Taxonomic group: Bombus

Where:Bumble bees inhabit a wide variety of natural, agricultural, urban, and rural habitats, although species richness tends to peak in flower-rich meadows of forests and subalpine zones (Goulson 2010). Bumble bees are generalist pollinators that visit a wide variety of plants. In California, Thorp et al. (1983) report that the top four plant families with the most records of bumble bee visitation are: 1) Compositae (=Asteraceae), 2) Leguminosae (=Fabaceae), 3) Labiatae (=Lamiaceae), and 4) Ericaceae. In general, bumble bee surveys should target flower-rich meadows with blooming plants that bumble bees are known to frequent. Note, however, that the floral associations of bumble bees are complicated by a variety of factors, including bumble bee species size, individual bee size, tongue length, specific floral preference, interspecific competition, pollen and nectar availability, flower species abundance within the landscape, and bumble bee species phenology (Thorp et al. 1983).

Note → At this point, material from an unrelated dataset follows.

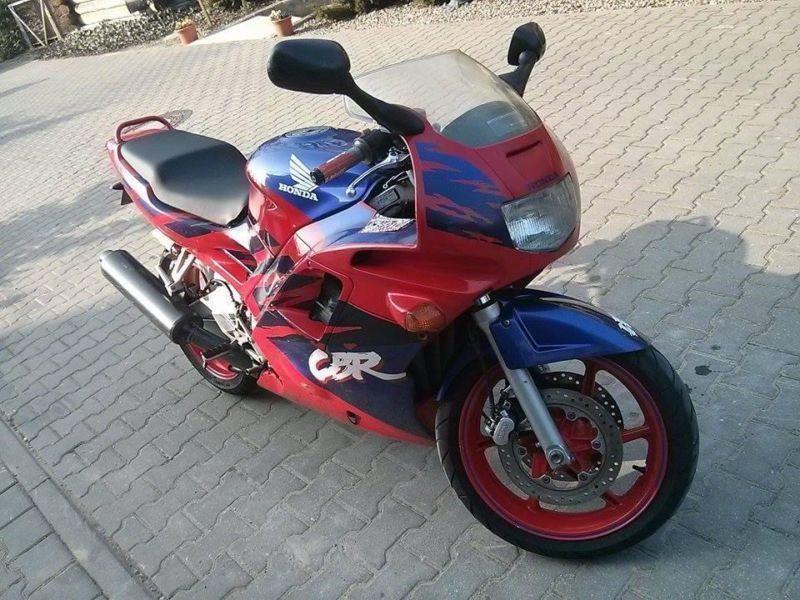 Honda CBR 600 do negocjacji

For species-specific floral associations, see the section at the end of this protocol.

When: Adult bumble bees are best surveyed in mid- to late summer, during the peak flight period for worker bumble bees. Targeting the period when adult worker bumble bees are most abundant reduces the possibility of capturing queens (which would effectively eliminate an entire bumble bee colony), and increases one’s chances of encountering the most number of species, including rare species. Because phenology varies by species and elevation, survey timing for specific sites can be determined by reviewing the phenology of historic records for the target species at nearby sites coupled with an understanding of the peak availability of floral resources at specific sites. Sampling should occur on warm, calm, and sunny days, since bee foraging activity is reduced in cold, windy and rainy conditions (LeBuhn et al. 2003).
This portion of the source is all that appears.